We’re encouraged by your recognition that our approach generalizes across attributes and model families while optimizing utility. We believe that incorporating the additional results and clarifications will further strengthen our paper.
Thank you again for your constructive feedback and for increasing your rating.
Authors
Dear Reviewers,
Thank you so much for all your time and effort supporting NeurIPS!
If you haven't yet, please take a moment to read through the author's rebuttal. If the rebuttal addresses your concerns, please acknowledge this and adjust your scores accordingly. If not, please let them know which concerns remain and if you have any follow-up questions. Your thoughtful feedback is crucial for helping the authors improve their work and advancing the field.
I realize this is a busy time and really appreciate your effort.
Best Regards Area Chair
The authors propose a method for distilling the anonymization capabilities of LLMs into smaller models. The framework is based on adversarial interactions between an anonymizer and an inference model. Reviewers appreciated the motivation and methodology, and were generally positive about the work.
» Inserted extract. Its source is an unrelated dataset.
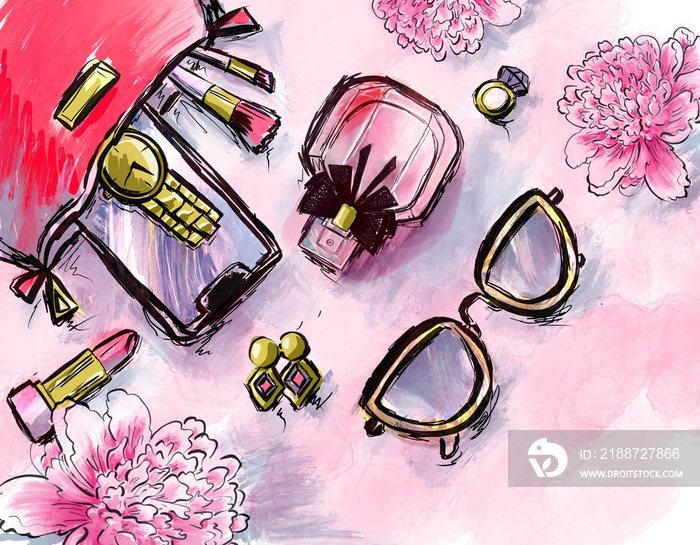 Things from open lady purse: smartphone, perfume, Sunglasses, lipstick, wrist watch, earrings, ring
They brought up several questions about utility degradation of the smaller models, as well as how well the approach generalizes to other domains. The authors responded to these questions in the rebuttal phase, clarifying several issues. The authors also conducted a human evaluation to compare human evaluations of textual quality relative to LLM-as-a-judge for evaluating utility. While the human study is appreciated, I would personally recommend the authors add more detail to their study description. It is currently unclear how the coders were assigned questions, whether multiple human subjects coded the same phrases, and how inter-rater disagreements were handled.
Overall, the work addresses a real and pressing problem, and it does so with some methodological innovations. Incorporating the suggestions of the reviewers, I expect this paper will be of interest to the NeurIPS audience.